TASK:
Skip pictures in the listing below; copy exactly the lines from the one with "Comment changer le" through the one with "Criançada interage com personagens", inclusive.

### STORED DATA ###

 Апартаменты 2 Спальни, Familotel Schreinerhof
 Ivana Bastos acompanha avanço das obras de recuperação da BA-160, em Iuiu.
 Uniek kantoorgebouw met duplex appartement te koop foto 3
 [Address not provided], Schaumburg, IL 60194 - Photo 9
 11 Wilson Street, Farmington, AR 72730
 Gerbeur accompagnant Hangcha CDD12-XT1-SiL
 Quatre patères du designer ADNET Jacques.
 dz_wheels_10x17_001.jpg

###
### STORED DATA ###

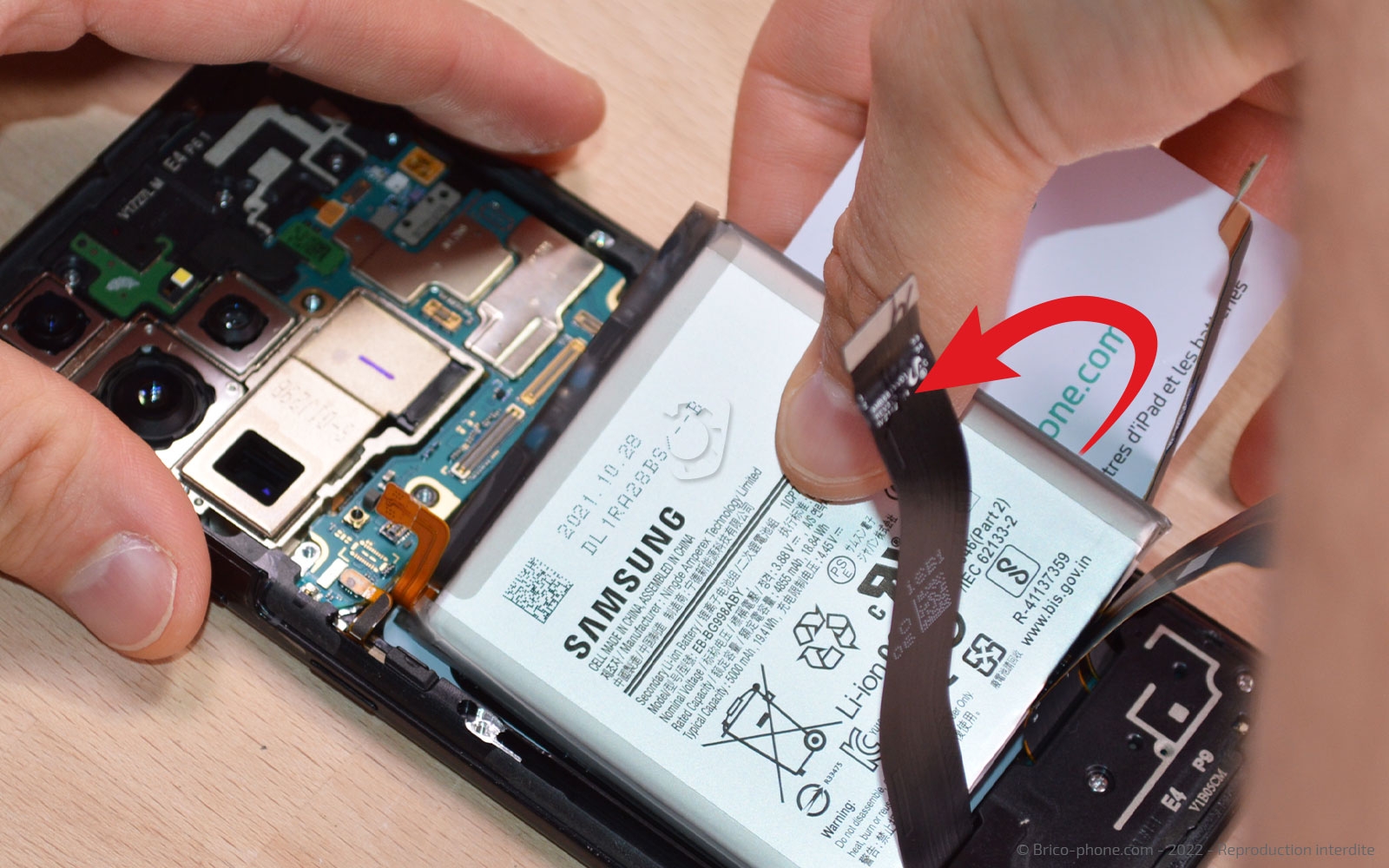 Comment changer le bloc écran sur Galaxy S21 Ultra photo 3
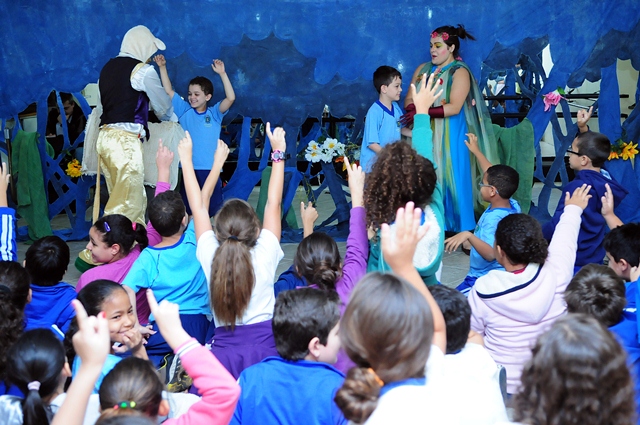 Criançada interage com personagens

###
### STORED DATA ###

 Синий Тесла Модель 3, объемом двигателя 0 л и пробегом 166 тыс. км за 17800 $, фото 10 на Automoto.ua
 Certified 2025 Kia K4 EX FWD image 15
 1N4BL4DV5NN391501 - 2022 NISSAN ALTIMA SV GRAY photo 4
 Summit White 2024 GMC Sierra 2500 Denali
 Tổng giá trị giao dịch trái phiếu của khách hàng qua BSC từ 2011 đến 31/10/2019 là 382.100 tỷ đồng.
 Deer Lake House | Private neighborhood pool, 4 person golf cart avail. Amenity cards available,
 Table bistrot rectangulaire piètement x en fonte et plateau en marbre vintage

###

ANSWER BOX:
 Comment changer le bloc écran sur Galaxy S21 Ultra photo 3
 Criançada interage com personagens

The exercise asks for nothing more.